Wednesday, March 5, 2008

EZRA LEVANT on Lemire case and CHRC Spying Ring

March 25th should be interesting

If I'm reading this order correctly, March 25th may become known as Black Tuesday at the Canadian Human Rights Commission.

That's when Marc Lemire -- one of the few Canadians who has had the energy and legal resources to fight back against the CHRC's section 13 thought crimes steamroller -- will be allowed to cross examine commission staff about their "undercover" activities on the Internet. Judging by what Lemire has uncovered so far -- such as an Edmonton Police "hate crimes" officer posting anti-Semitic and anti-Aboriginal bigotry on the Internet -- it's sure to be a blockbuster.

(It's deeply disturbing that "hate crimes" police -- I'm not talking about human rights keystone cops now, but real police officers -- publish such bigotry on the taxpayers' dime, and all in the name of keeping the peace. One must ask: at what point is the "fake" hatred generated by the police a larger problem than the "real" hatred that exists already on society's fringes? And, really, is there any moral difference between the two, other than the police claim they don't really mean it? At what point does the cure become worse than the disease?)
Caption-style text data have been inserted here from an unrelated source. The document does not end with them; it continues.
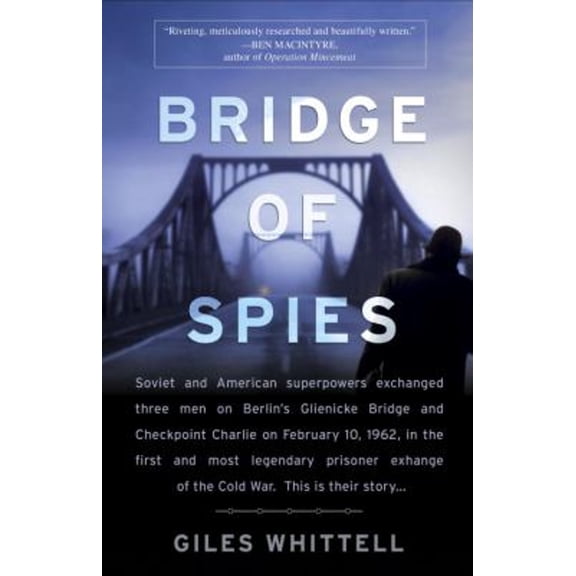 Pre-Owned Bridge of Spies: A True Story of the Cold War (Paperback) 0767931084 9780767931083
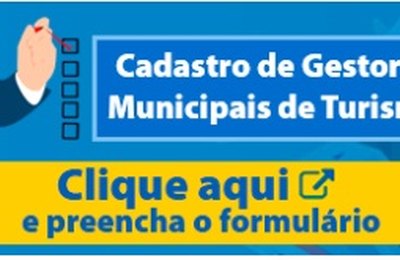 Prazo para preenchimento do cadastro no formulário de gestores de turismo foi estendido 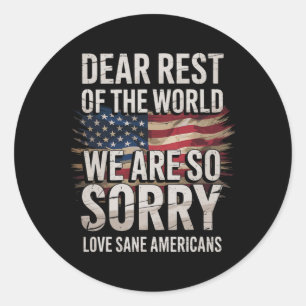 Sane Americans Dear World We're So Sorry Protest T Classic Round Sticker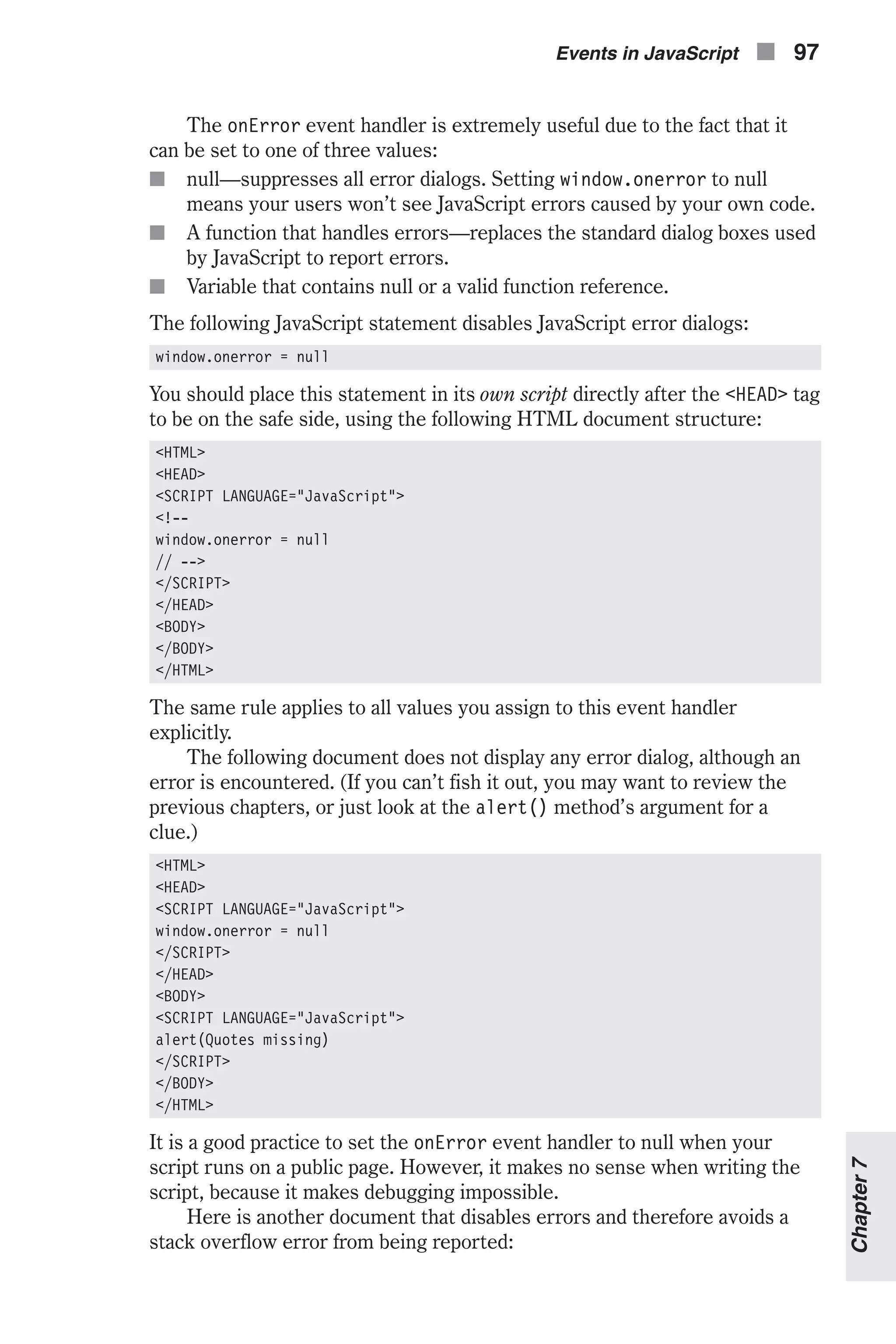 The onError event handler is extremely useful due to the fact that it can be set to one of three values: n null—suppresses all error dialogs. Setting window.onerror to null means your users won’t see JavaScript errors caused by your own code. n A function that handles errors—replaces the standard dialog boxes used by JavaScript to report errors. n Variable that contains null or a valid function reference. The following JavaScript statement disables JavaScript error dialogs: window.onerror = null You should place this statement in its own script directly after the <HEAD> tag to be on the safe side, using the following HTML document structure: <HTML> <HEAD> <SCRIPT LANGUAGE="JavaScript"> <!-- window.onerror = null // --> </SCRIPT> </HEAD> <BODY> </BODY> </HTML> The same rule applies to all values you assign to this event handler explicitly. The following document does not display any error dialog, although an error is encountered. (If you can’t fish it out, you may want to review the previous chapters, or just look at the alert() method’s argument for a clue.) <HTML> <HEAD> <SCRIPT LANGUAGE="JavaScript"> window.onerror = null </SCRIPT> </HEAD> <BODY> <SCRIPT LANGUAGE="JavaScript"> alert(Quotes missing) </SCRIPT> </BODY> </HTML> It is a good practice to set the onError event handler to null when your script runs on a public page. However, it makes no sense when writing the script, because it makes debugging impossible. Here is another document that disables errors and therefore avoids a stack overflow error from being reported: Events in JavaScript n 97 Chapter7 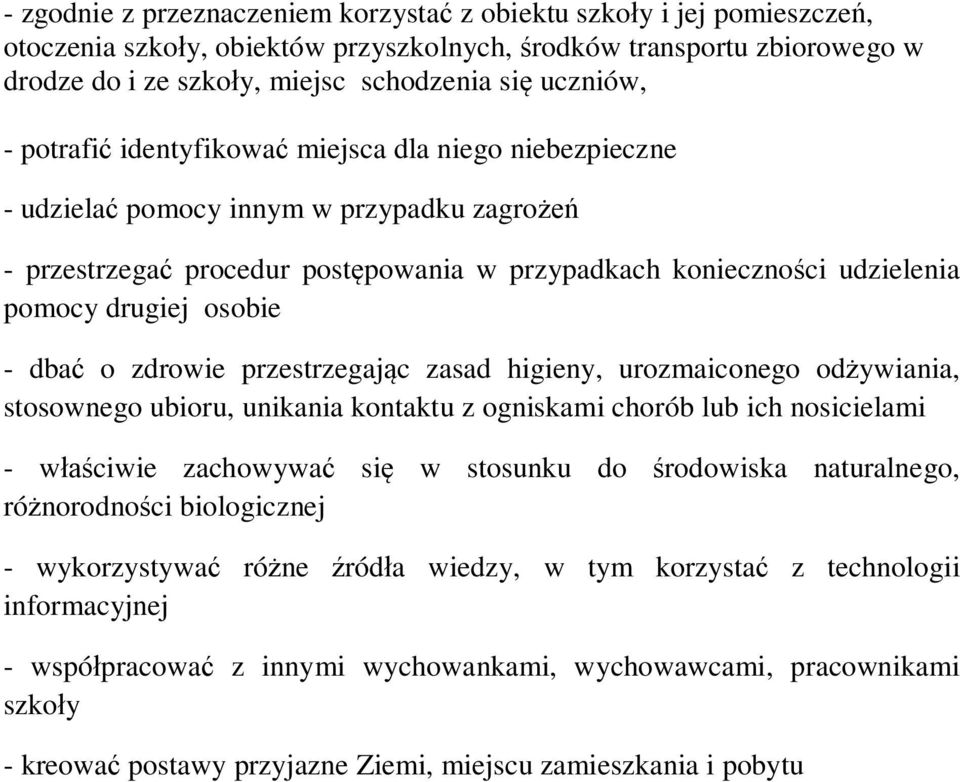 zdrowie przestrzegaj c zasad higieny, urozmaiconego od ywiania, stosownego ubioru, unikania kontaktu z ogniskami chorób lub ich nosicielami - w ciwie zachowywa si w stosunku do rodowiska naturalnego,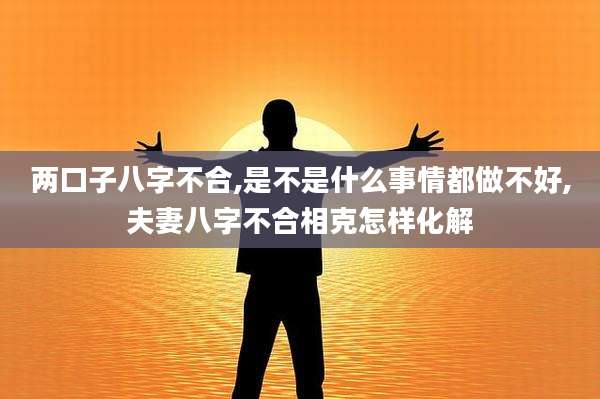 两口子八字不合,是不是什么事情都做不好,夫妻八字不合相克怎样化解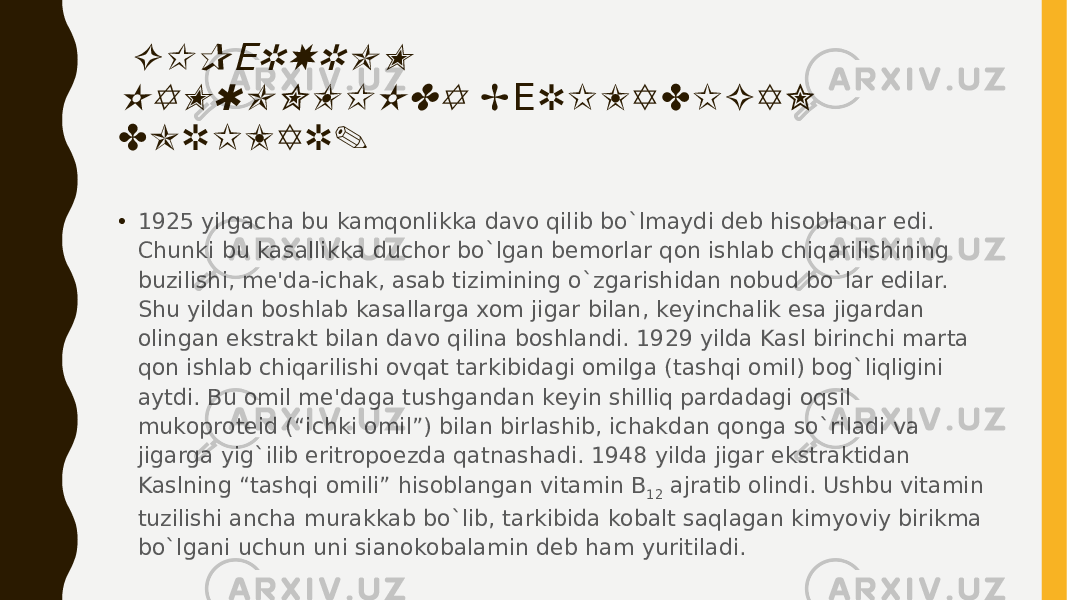  G I P R X R O M Е K A M Q O N L I K D A B R I L A D I G A N Е D O R I L A R . • 1925 yilgacha bu kamqonlikka davo qilib bo`lmaydi dеb hisoblanar edi. Chunki bu kasallikka duchor bo`lgan bеmorlar qon ishlab chiqarilishining buzilishi, mе&#39;da-ichak, asab tizimining o`zgarishidan nobud bo`lar edilar. Shu yildan boshlab kasallarga xom jigar bilan, kеyinchalik esa jigardan olingan ekstrakt bilan davo qilina boshlandi. 1929 yilda Kasl birinchi marta qon ishlab chiqarilishi ovqat tarkibidagi omilga (tashqi omil) bog`liqligini aytdi. Bu omil mе&#39;daga tushgandan kеyin shilliq pardadagi oqsil mukoprotеid (“ichki omil”) bilan birlashib, ichakdan qonga so`riladi va jigarga yig`ilib eritropoezda qatnashadi. 1948 yilda jigar ekstraktidan Kaslning “tashqi omili” hisoblangan vitamin B 12  ajratib olindi. Ushbu vitamin tuzilishi ancha murakkab bo`lib, tarkibida kobalt saqlagan kimyoviy birikma bo`lgani uchun uni sianokobalamin dеb ham yuritiladi.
Remember that these are the same "anti-hate" activists -- police, human rights activists, and even CSIS agents -- who paid a government agent to set up the Heritage Front, arguably Canada's leading neo-Nazi movement twenty years ago. The fact that these same government agents then "infiltrated" the nascent Reform Party, to the great embarrassment of Preston Manning, shows that these "anti-hate" campaigns have long been torqued into a partisan political weapon.

The CHRC had vigorously opposed the coming interrogation of their staff, and it's easy to see why. Dean Steacy, one of the staff who will be compelled to answer questions on March 25th, has previously admitted to creating Internet pseudonyms to infiltrate websites the commission was hunting (something Richard Warman has admitted to doing as well after, uh, first not admitting to it). But instead of preparing some hermetically-sealed, written answers to Lemire's questions, as Steacy has been able to do in the past, he must now take the stand and answer questions live, under oath, from Lemire's lawyer.

It will be fascinating to watch. Remember, Steacy was the commission staffer who once exclaimed that freedom of speech -- which just happens to be section 2 of the Canadian Charter of Rights -- "is an American concept, so I don't give it any value." Watching Lemire's lawyer cross-examine him might be worth flying all the way to Ottawa.